Dataset extract —
• • • • • • •
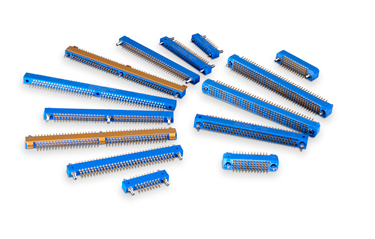 Hypertronics55302PCB板連接器(KA、KNB、KNC、KND、HPD、HPF系列)
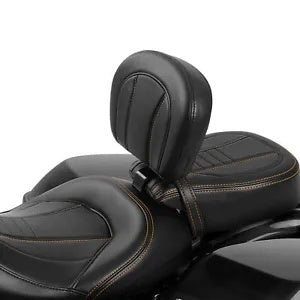 ドライバー ライダー バックレスト ハーレー CVO ツーリング ストリート ロード グライド 2009-2024 に適合 Driver Rider Backrest Fit For Harley CVO Touring Street Road Glide 2009-2024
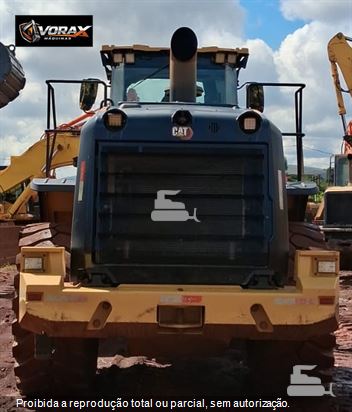 Pá Carregadeira Caterpillar 966L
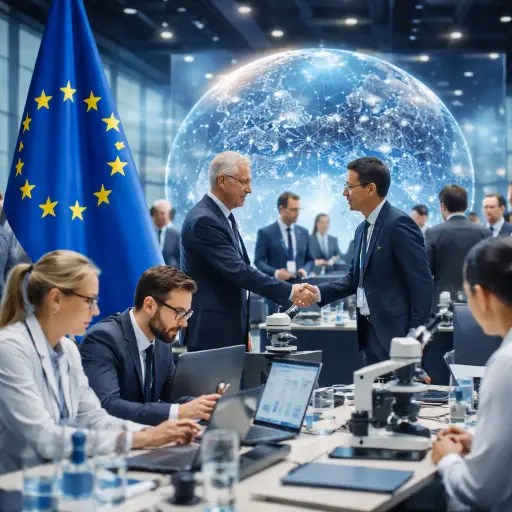 EU Launches Science Diplomacy Push Amid Global Tech&nbsp;Rivalry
• • • • • • •
Problem requirements —
An exact copy of the listing above, minus its pictures, is what is needed here.

Solution for this problem —
 Hypertronics55302PCB板連接器(KA、KNB、KNC、KND、HPD、HPF系列)
 ドライバー ライダー バックレスト ハーレー CVO ツーリング ストリート ロード グライド 2009-2024 に適合 Driver Rider Backrest Fit For Harley CVO Touring Street Road Glide 2009-2024
 Pá Carregadeira Caterpillar 966L
 EU Launches Science Diplomacy Push Amid Global Tech&nbsp;Rivalry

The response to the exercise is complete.